Addiction Recovery Requires True Accountability
Because blank addiction isn’t about blank, but about shame and trauma, those in recovery need to learn how to take accountability for the shameful things they’ve done and the trauma they’ve caused themselves and others. This is where things start to go wrong in Jackson’s recovery: When Ally visits Jackson in rehab, he starts to apologize and talk about what he did to her. She shushes him, telling him it’s not his fault because he has a disease. Even in my wide-eyed, dazzled first viewing of the film, I wanted to shout at the big screen: Let him speak! The man is trying to take accountability and deeply needs the experience of apologizing and being forgiven, not brushed aside and made excuses for as he always has been. Jackson seems desperate to explore the traumas he’s both experienced and caused, and Ally’s dismissal of his attempts to do so reveals what often goes wrong in recovery: When partners aren’t involved in therapy (both individual and couples) and/or 12-step programs of their own, they don’t learn how to break out of enabling habits and tend to continue their end of old relationship patterns. Even when those with addiction try to break their numbing and avoidant habits, if their partners don’t understand addiction and recovery, it’s impossible to expect the relationship to evolve. Ally doesn’t hold Jackson accountable or let him voice his regret because she doesn’t know better, and how would she? She doesn’t attend any meetings or therapy sessions, read any books or talk to any other partners of those in recovery. How is she supposed to do better without knowing better?

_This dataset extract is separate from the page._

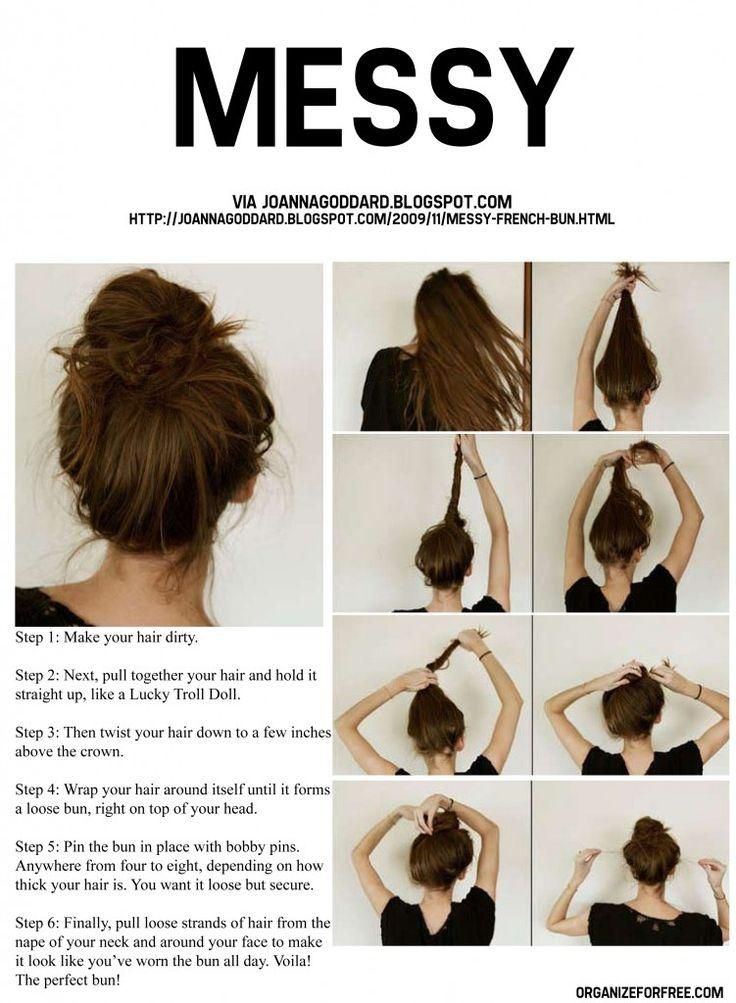 messy bun tutorial  Hair hacks Easy hairstyles for long hair Hair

True Recovery Requires Much More Than a 90-Day Stint at a Rehab Facility
Neurobiologically, it takes about ninety days for new neuropathways to be established, which allows the brain to consider options for emotional survival other than numbing through addiction. This is why most rehab programs last three months. Makes sense, right? Right. Except for day ninety-one. And ninety-two. Ninety-three, ninety-four, ninety-five, on and on and on. All back at home, with the same people, in the same (likely enabling) relationships, with the same physical and emotional triggers that threaten to activate addictive behaviors at every turn. Marriage and family therapy emerged due to this phenomenon: when individuals left inpatient treatment after several successful weeks and returned home, they almost always reverted to old, unhealthy behaviors. This is why the systemic approach is so valuable: without paying attention to the entire context of a person’s life and relationships, it is unreasonable to expect lasting change. Ninety days in rehab – even a fancy one with a nice pool like Jackson’s – is only the first step of many toward lasting recovery.
What I’ve realized is that A Star is Born’s problem isn’t inconsistency or unbelievability. Of course Ally lies to Jackson about her decision to cancel her tour – without her own psychoeducation and recovery process, she relies on dishonesty to protect him and their relationship rather than open, vulnerable communication. Hers is a fear-based decision based on the avoidant, denial-ridden cycle their relationship was founded on. Of course Jackson relapses – without a sponsor, therapist, or recovery network outside rehab, he cannot be expected to do any differently than he did before. The focus remains solely on his avoiding certain behaviors (drinking and getting high) and there is no emphasis on learning how to emotionally manage without them, no replacement coping skills or recovery practices. It’s not so much that the plot doesn’t hold up under scrutiny, it’s that necessary aspects of recovery aren’t incorporated into Jackson’s treatment. So, again, of course his recovery doesn’t take, and he copes with his suffering the best way he knows how: numbing and self-destruction. The movie’s problem is that it all makes so much sense: without proper recovery including sponsorship and therapy, there’s no hope for Jackson or those he loves to make real change. It makes for a great movie – and a tragic reality check for anyone affected by addiction.